"I'm dressed as Jackie Kennedy in the pink suit. Not as a costume, but as a statement. When her husband was assassinated, she refused to change out of her blood-stained clothes, saying, 'I want them to see what they've done.' The image of the delicate pink suit splattered with blood is one of the most haunting juxtapositions in modern history."
"Beauty and horror. Poise and devastation. Her decision not to change clothes, even after being encouraged to, was an act of extraordinary bravery. It was performance, protest, and mourning all at once. A woman weaponizing image and grace to expose brutality. It's about trauma, power, and how femininity itself is a form of resistance. Long live Jackie O."
"Julia Fox glorifying political violence is disgusting, desperate and dangerous. I'm sure her late grandmother would agree."

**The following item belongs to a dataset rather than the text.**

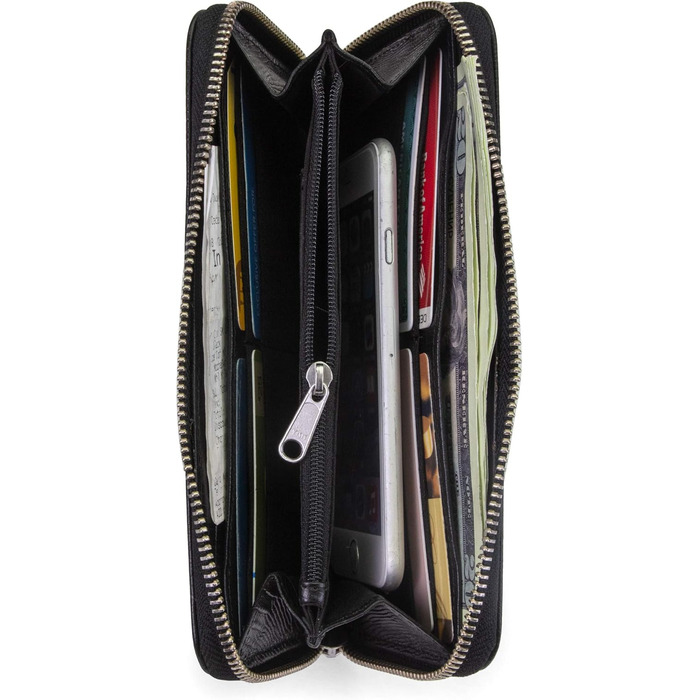 Timberland Women's Leather RFID Zip-Around Wallet Clutch with Wristlet Strap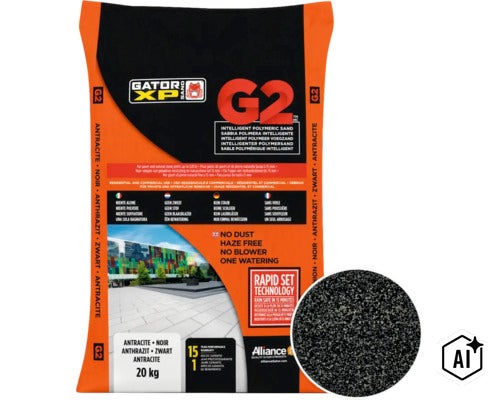 Gator XP G2 intelligent polymeervoegzand voor bestrating 20 kilogram antraciet (Image AI modified or generated)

Julia Fox posted an Instagram photo of herself dressed as Jacqueline Kennedy in a bloodied pink suit the former first lady wore the day President John F. Kennedy was assassinated. Fox also wore the outfit to a Halloween party hosted by writer Julio Torres on Oct. 30. Kennedy's grandson Jack Schlossberg condemned the look on X, calling it "disgusting, desperate and dangerous." Fox defended the choice as a statement, citing Kennedy's refusal to remain in blood-stained clothes to show "what they've done" and describing the image as a juxtaposition of beauty and horror. Fox framed the act as performance, protest, mourning, and feminine resistance. The first lady's suit was not cleaned after the assassination and remains preserved.